Friday, September 29, 2006

I am rather in love

with Hardy in any case but this bit of Claire Tomalin's new biography excerpted at the Guardian pretty much clinches it. Here's a taste:

He liked to work in old clothes, and particularly a pair of trousers that went back to the turn of the century and which he mended himself with string. He also kept an ancient shawl, crocheted from fawn or beige wool, to put over his shoulders, and sometimes his head too, against the cold. There was an open fire, laid but not lit by the maid because he liked to get it going himself. No other heat, since neither gas nor electricity had reached Max Gate, and light was provided by oil lamps. No telephone, although one was installed downstairs in 1920, which he refused to answer. In the same year the house acquired a wireless set, of which Wessex, his dog, became so passionately fond that Hardy sometimes got up early and went down in his long night-shirt and short dressing-gown to turn it on for him.
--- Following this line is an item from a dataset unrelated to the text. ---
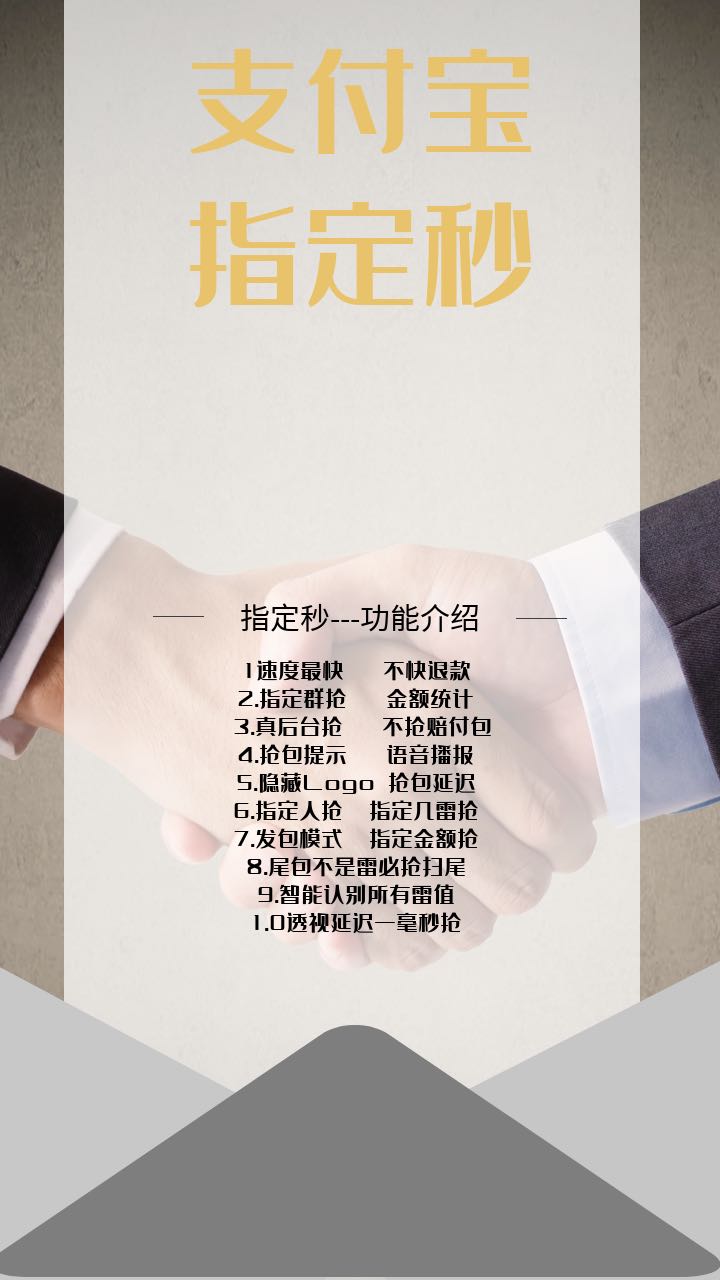【支付寶指定秒月卡】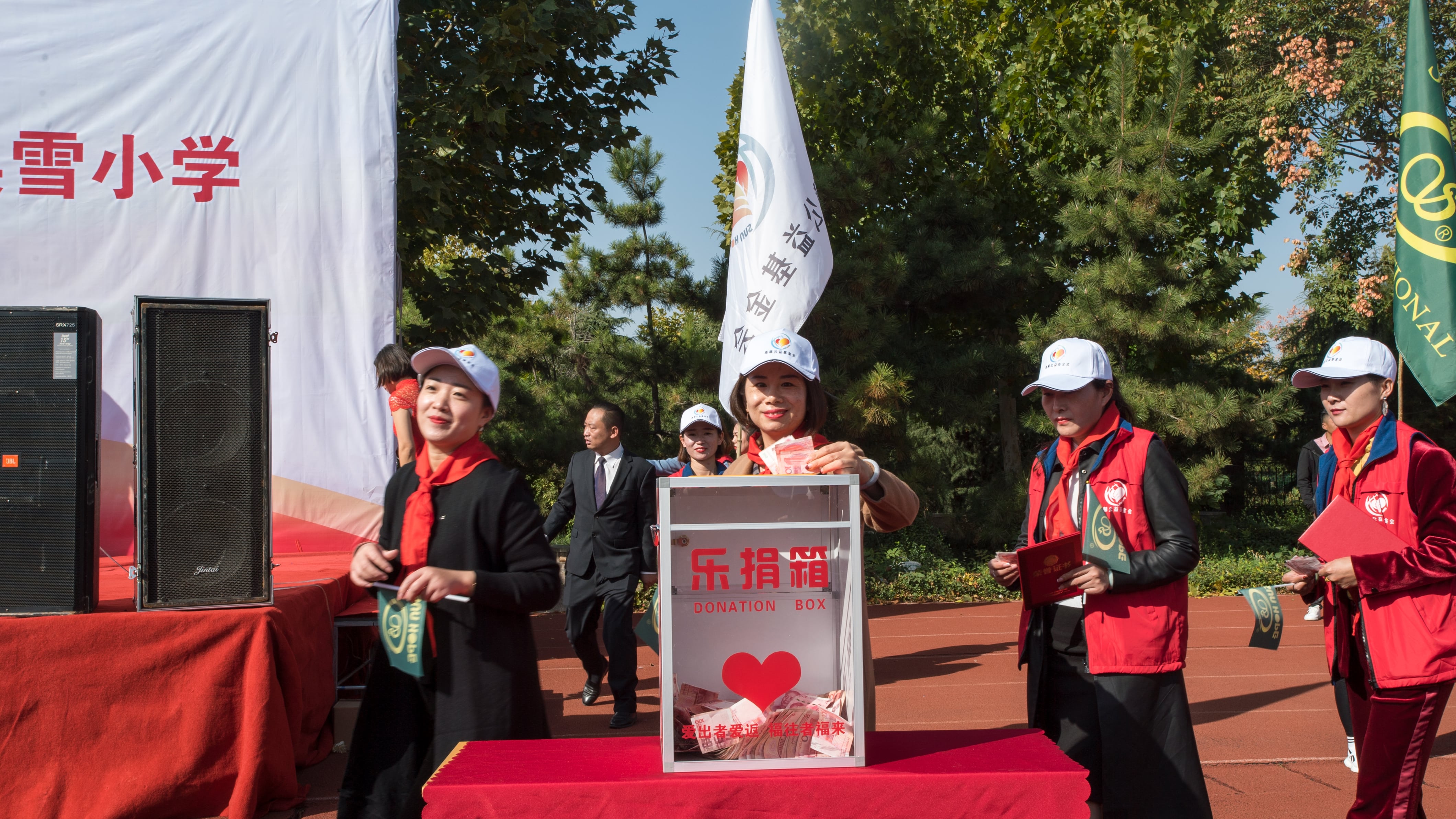 第180所 济宁市高新区米兰体育平台官方网站-米兰(中国)
吴雪小学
He slept in an unheated bedroom and had his hot water brought up in jugs. His second wife Florence would join him for early morning tea at 7.45, coming through the dressing room between their rooms.

My English grandfather (1910-2004) had an amazing anecdote about Thomas Hardy: when Hardy died in 1928, there was an immense funeral in Westminster Abbey, and my grandfather illicitly took the day off school to go to it and pay his respects (the story has more details that I don't remember: him helping an old Dorset relative of Hardy's into a seat in the pew?). The thing I find extraordinary, of course, is to think of Hardy as living so long into the twentieth century. But then you can feel very close to the past this way: my grandmother's grandfather was a Unitarian minister at the church in Cross Street, Manchester at the same time as Elizabeth Gaskell's husband. Strange thoughts about English literature!

(Oh, and as someone who hates shopping, I like the idea of someone saying about my fifty-years-from-now future self--supposing I live so long, and that anybody in any case cares what clothes I would wear which is singularly unlikely--that I wore a pair of trousers dating back to the last century which I mended with string! Though I think string is not so useful with current fashions for mending purposes; duct tape, more likely....)

2 comments:

  1. Claire Tomalin's biography of Austen has a line something like "she would have rejoiced in the freedom of an old pair of trousers" - interesting.